Crumb Catcher
by Hope Madden
You want to see a nice evening unravel quickly?
Chris Skotchdopole takes an intriguing premise—groom gets too drunk on his wedding night and can’t quite remember what happened—and layers on something hypnotically, catastrophically banal.
Leah (Ella Rae Peck) and Shane (Rigo Garay) have not started their marriage off on the best foot. Last night was a bust, but maybe a quiet honeymoon at Leah’s boss’s gorgeous, art-bedecked cabin will right things.
Garay and Peck develop a believable antagonism, Skotchdople’s first sleight of hand. Because the performers and the writing (penned by the director along with Garay and Larry Fessenden) slowly deepen and tenderize the relationship so that you buy them as a couple, and hope for their best.
And then.
Most couples contain one person who cannot bear to be rude to someone no matter how obliviously, insistently annoying that person is. The other member of the couple can’t decide who to be angrier with, the annoying stranger or their own placating partner.

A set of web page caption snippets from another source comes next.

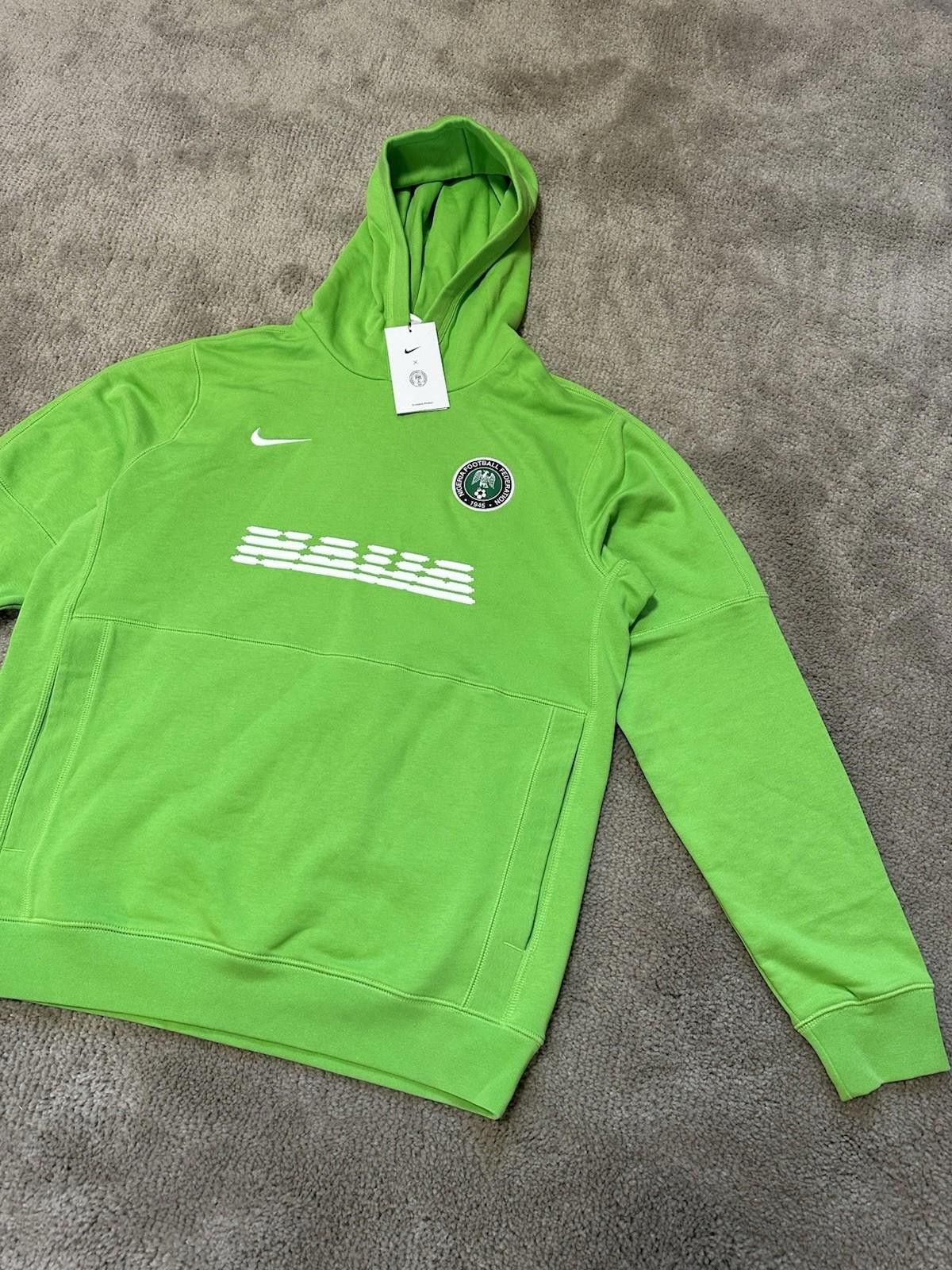 Nike NWT 2022-23 Nigeria Nike Terry Travel Hoodie Sz L Size US L / EU 52-54 / 3 - 7 Thumbnail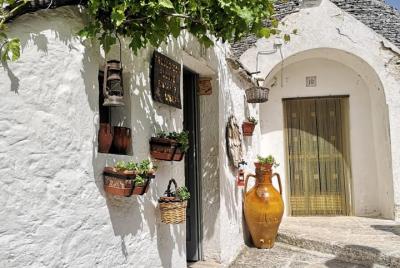 Alberobello half-day excursion with food-tasting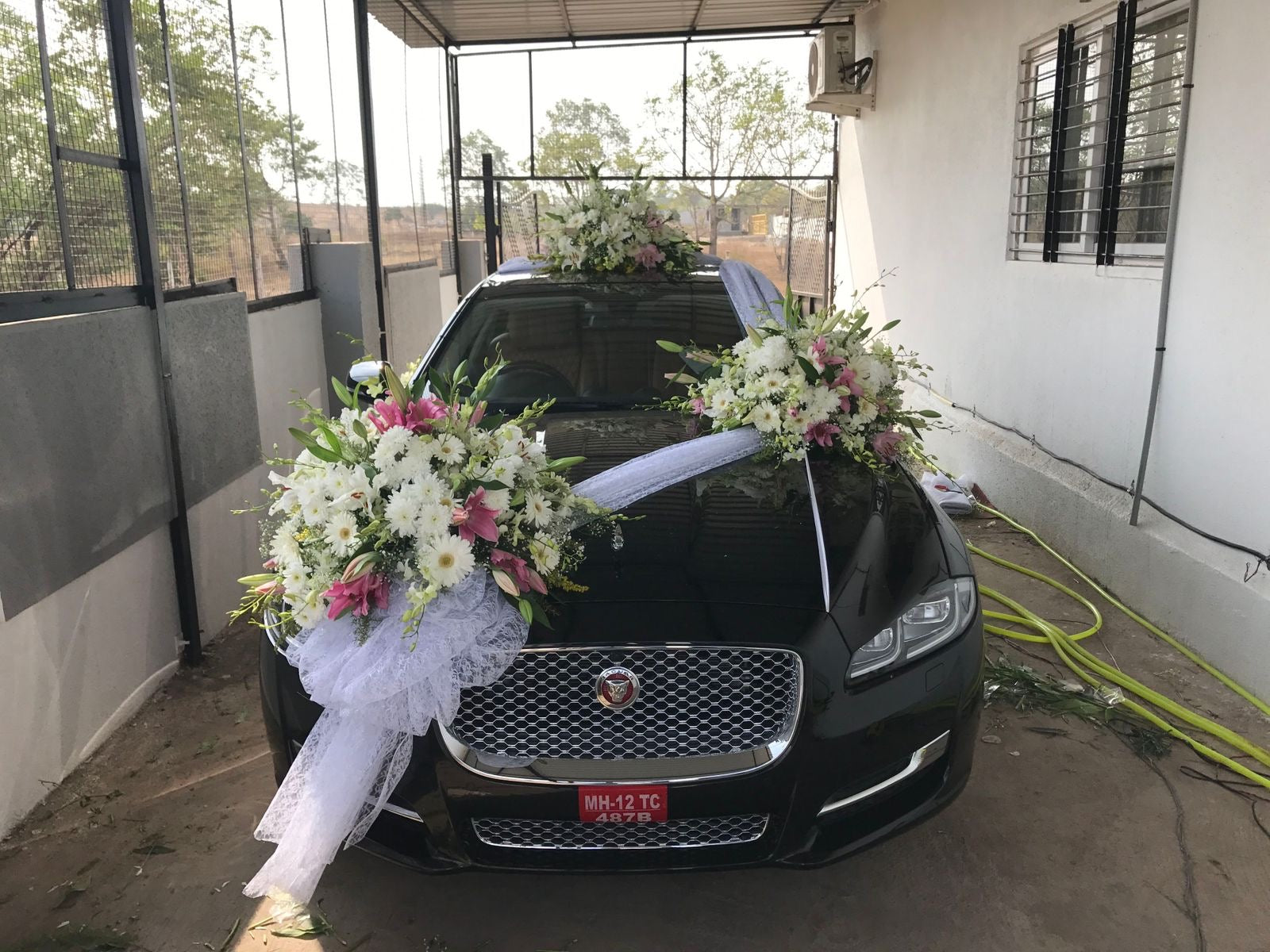 Car Decar Car Décor – Blooms Only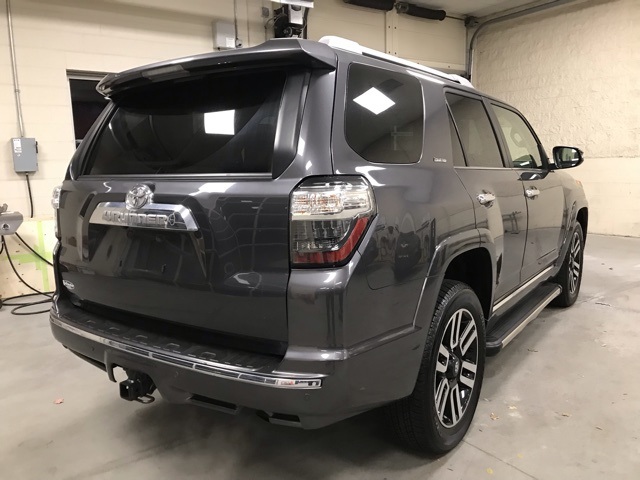 2023 Toyota 4Runner Limited photo 2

John (the magnificently deranged John Speredakos) is that annoying creature, and you have absolutely met this guy before: doesn’t pick up on hints, aggressively friendly, needy and clearly has an agenda.

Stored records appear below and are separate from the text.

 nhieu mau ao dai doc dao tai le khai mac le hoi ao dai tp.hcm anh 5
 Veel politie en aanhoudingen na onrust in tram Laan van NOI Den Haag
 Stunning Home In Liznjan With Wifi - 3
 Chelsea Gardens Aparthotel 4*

So it is with much contention that the newlyweds greet John late on their first night together at the cabin. What follows is a bold mix of home invasion horror, comedy of manners, and absurdist timeshare nightmare.
Skotchdopole’s feature debut benefits from his years behind the camera, including shooting Fessenden’s 2019 Frankenstein analogy, Depraved. Crumb Catcher’s disorienting camera emphasizes its chaotic, freakshow quality and visually represents the rising anxiety of the hellish social trap.

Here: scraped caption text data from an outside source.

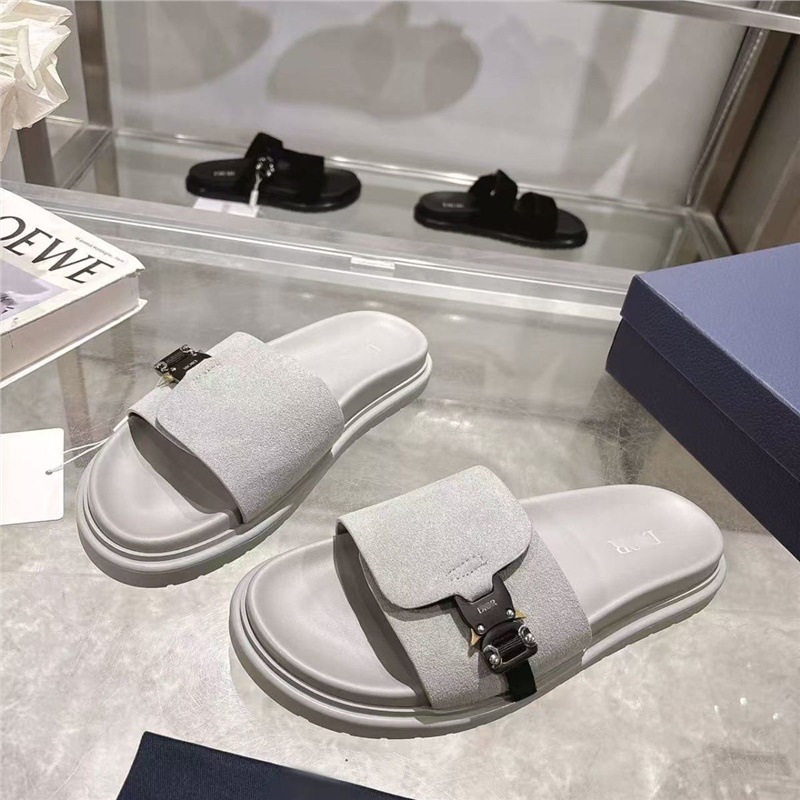 2025 Summer Fashion New Beach Shoes Thick soled Sandals Casual Non slip Slippers Foreign Trade Guangzhou Goods Slippers Going Out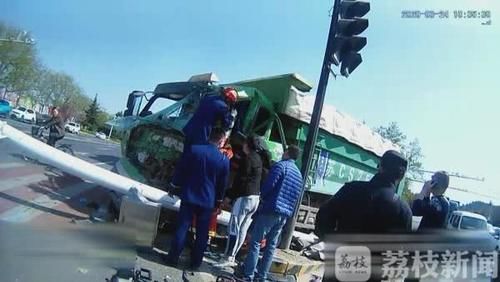 『事故』惊险!渣土车冲向安全岛 市民跳下电动车急逃命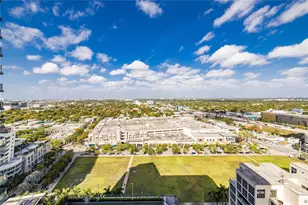121 NE 34th St, Miami, FL 33137 - Photo 25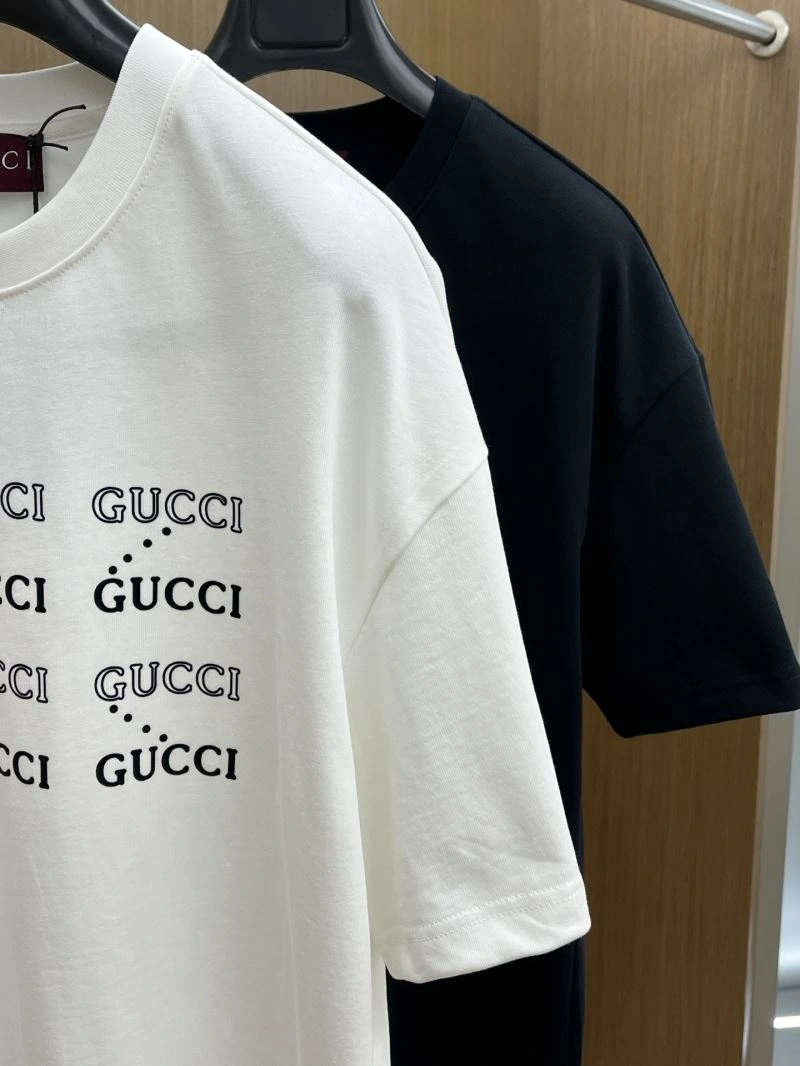 Gucci T-Shirts Minimalist 126147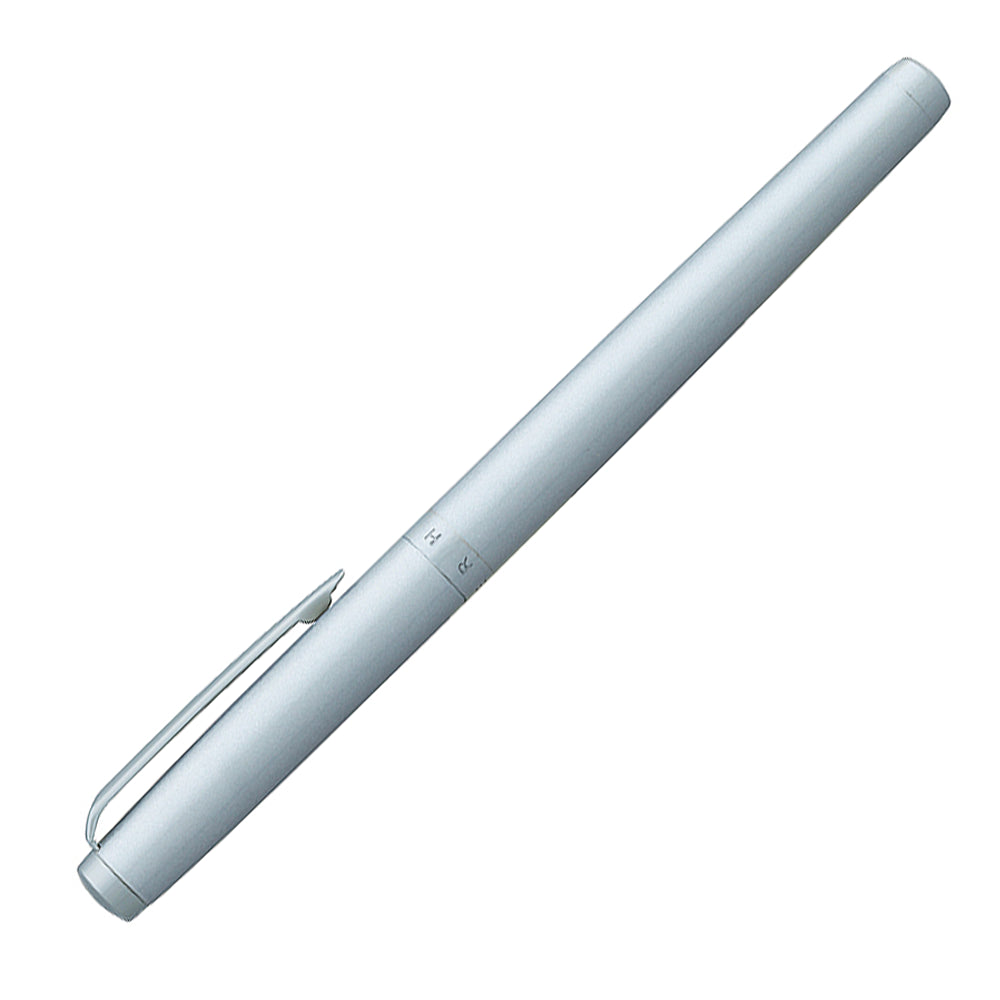 Stylo plume Hechter Paris Avenue Hoche Basic Chrome, présenté à 45° fermé sur fond blanc (vue 1).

Garay delivers an often internal, tender performance nicely offset by Peck’s droll sarcasm. Lorraine Farris turns in strong support work as well, but Speredakos owns this show. His display of desperation and entitlement turned delusional would be hilarious were it not so unsettling.
Skotchdopole’s managed a tightwire of tones, delivering a tense and compelling thriller that turns banality into a weirdly funny nightmare.